話は変わるが、少年時代、「SONNY」の愛称で両親や近所の人に可愛がられたテキサス生まれの風雲児ハワード・ヒューズのその後の消息に触れておきたい。
当時、ハワード・ヒューズは五〇歳、事業家としてもっとも脂の乗った年代だったはず。事実、父親の遺産ともいうべきヒューズ工作機械をはじめ、ヒューズ航空機、RKOラジオ映画、RKOシアターズ、トランス・ワールド航空の各社を傘下におさめた〈ヒューズ帝国〉の独裁者として君臨していた。しかし、ヒューズ自身の言動には、かつてのような覇気はどこにも見出せなかった。若い情熱を燃やして取り組んできた映画づくりと、未開拓の空の征服から身を引いてしまったことが、それを裏書きしている。そのせいか、エレクトロニクス部門の好況で気を吐くヒューズ航空機以外の企業は、いずれも膨大な赤字を抱え気息奄々の状態だった。「ヒューズは自らの手で帝国の清算をもくろんでいる」と一部マスコミが報じたのもそのためであった。
テキサス生まれの〈SONNY BOY〉に代わって日本の〈SONY BOY〉が、エレクトロニクス大国のアメリカを舞台に一大旋風を巻き起こすことになろうとは、当時、誰一人予測したものはいなかった。

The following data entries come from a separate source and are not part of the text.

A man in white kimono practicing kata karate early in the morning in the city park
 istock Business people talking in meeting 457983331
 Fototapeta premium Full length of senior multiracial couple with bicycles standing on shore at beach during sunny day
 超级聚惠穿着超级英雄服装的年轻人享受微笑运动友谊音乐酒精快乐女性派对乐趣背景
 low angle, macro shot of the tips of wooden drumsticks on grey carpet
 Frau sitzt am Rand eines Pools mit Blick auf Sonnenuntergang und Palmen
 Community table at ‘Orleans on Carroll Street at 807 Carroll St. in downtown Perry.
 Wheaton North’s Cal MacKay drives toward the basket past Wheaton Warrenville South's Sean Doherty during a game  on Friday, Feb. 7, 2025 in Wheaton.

その先兵の役割を果たすのが盛田昭夫であった。三十年二月、盛田は自社製品売込みのため単身渡米した。二ヵ月の予定だった。手にした鞄のなかにはできたばかりの国産初のトランジスタラジオ〈TR‐52型〉のサンプルが何台か入っていた。
最初のセールス活動だけに多少は苦労したが、それでも、マイクロフォン一〇〇〇個と放送用テープコーダ(デンスケ)一〇台の売込みに成功した。だがもう一つの目玉商品であるトランジスタラジオの商談は、いっこうにはかどらなかった。二九・五ドルという価格もさることながら、どこへ行っても「そんな小さなラジオは、アメリカ人は見向きもしない」というのである。しかし、盛田はそれにもめげず、小さなラジオのメリットを根気よく説きながら販路を探し回った。
時計で有名なブローバ社から「その値段で一〇万台注文してもよい」という引き合いが入ったのはその直後であった。これには盛田も肝をつぶした。いまの東通工の生産能力の数倍に匹敵する量だからである。ところが、それにはやっかいな条件がついていた。ブローバ社のブランドをつけるということだった。ブローバ社の仕入れ部長が漏らした「SONYの商標なんて誰も知らない。その点、うちのブランドは広く知れ渡っているから売りやすい」という言葉に盛田は反発を感じた。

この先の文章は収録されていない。